WHAT THE TASK ASKS:
Beginning with the line containing "Suite 6 chaises design moderniste 1950" and ending at the last line of the data, set down every line exactly, leaving out all pictures.

STORED DATA:
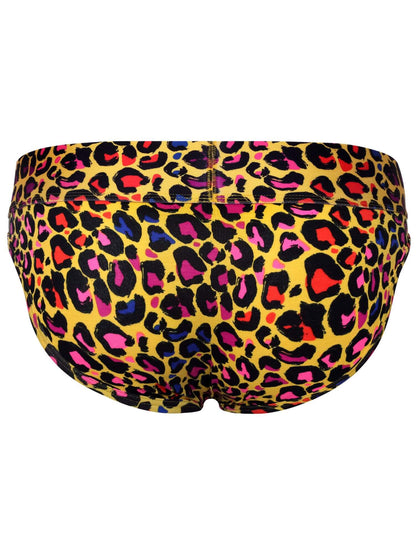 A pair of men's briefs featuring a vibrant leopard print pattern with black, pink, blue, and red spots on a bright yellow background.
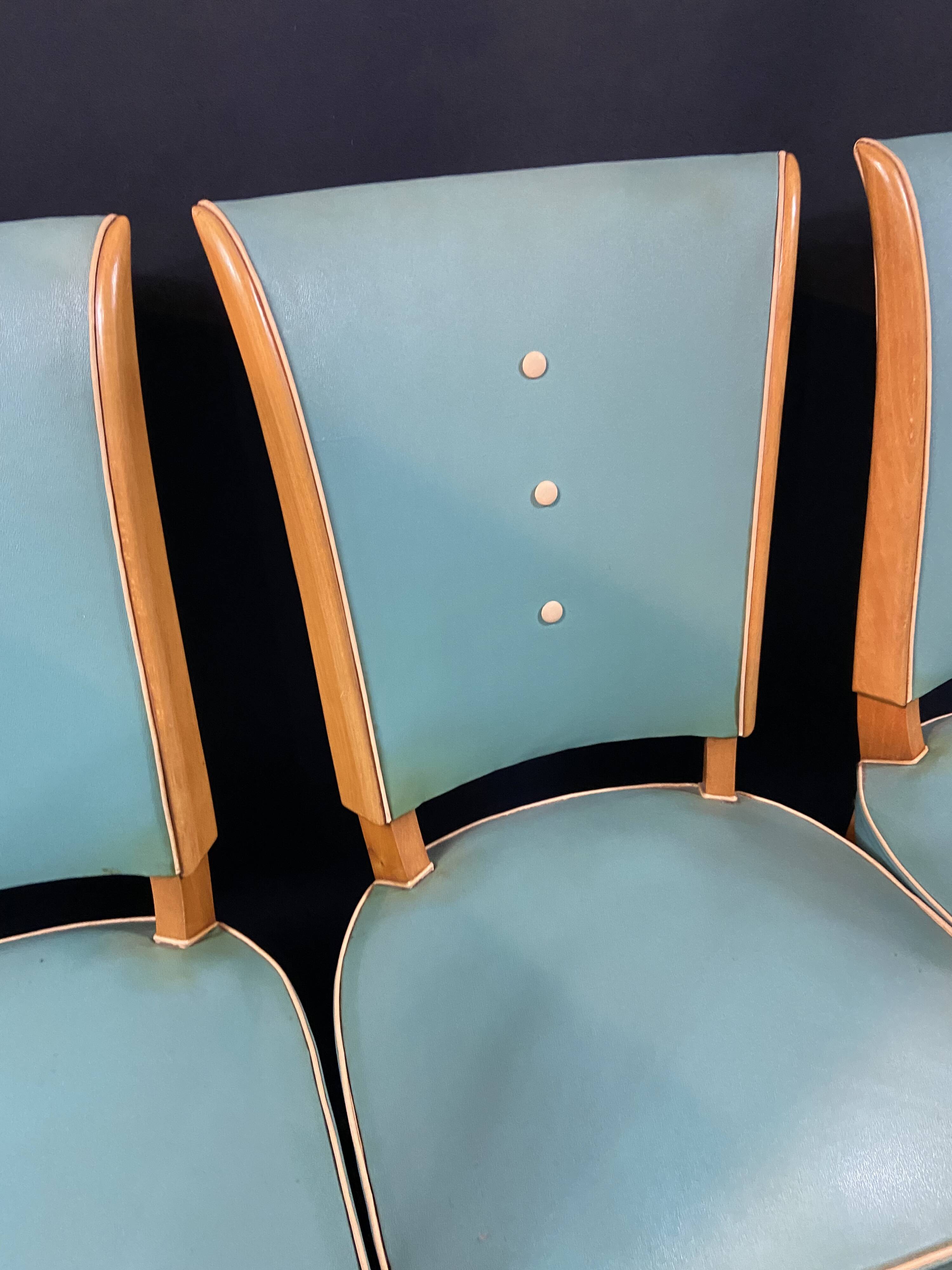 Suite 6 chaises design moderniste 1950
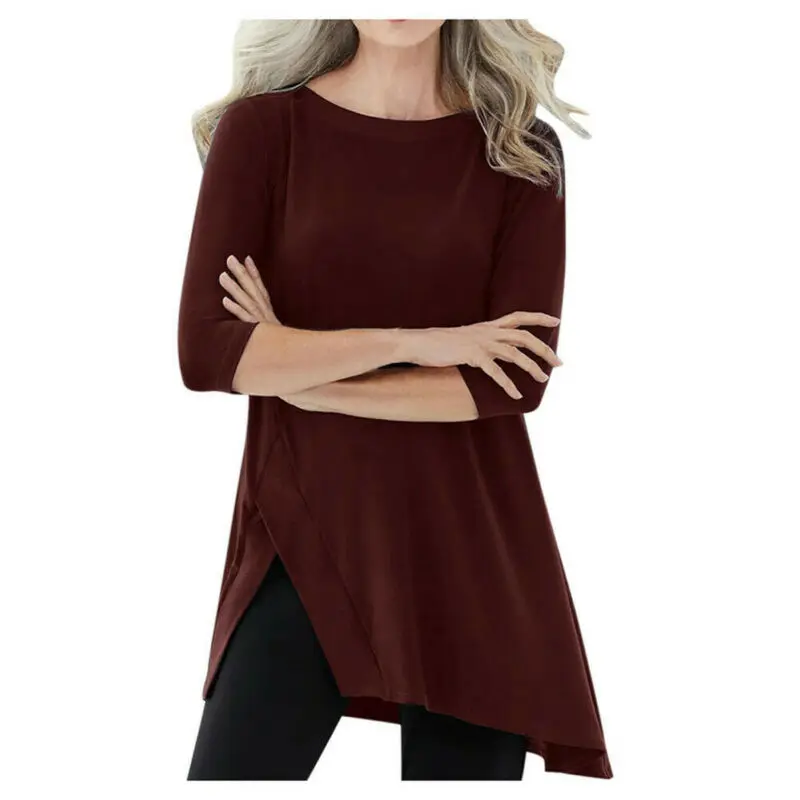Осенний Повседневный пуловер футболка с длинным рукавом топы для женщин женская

RESULT OF THE EXERCISE:
 Suite 6 chaises design moderniste 1950
Осенний Повседневный пуловер футболка с длинным рукавом топы для женщин женская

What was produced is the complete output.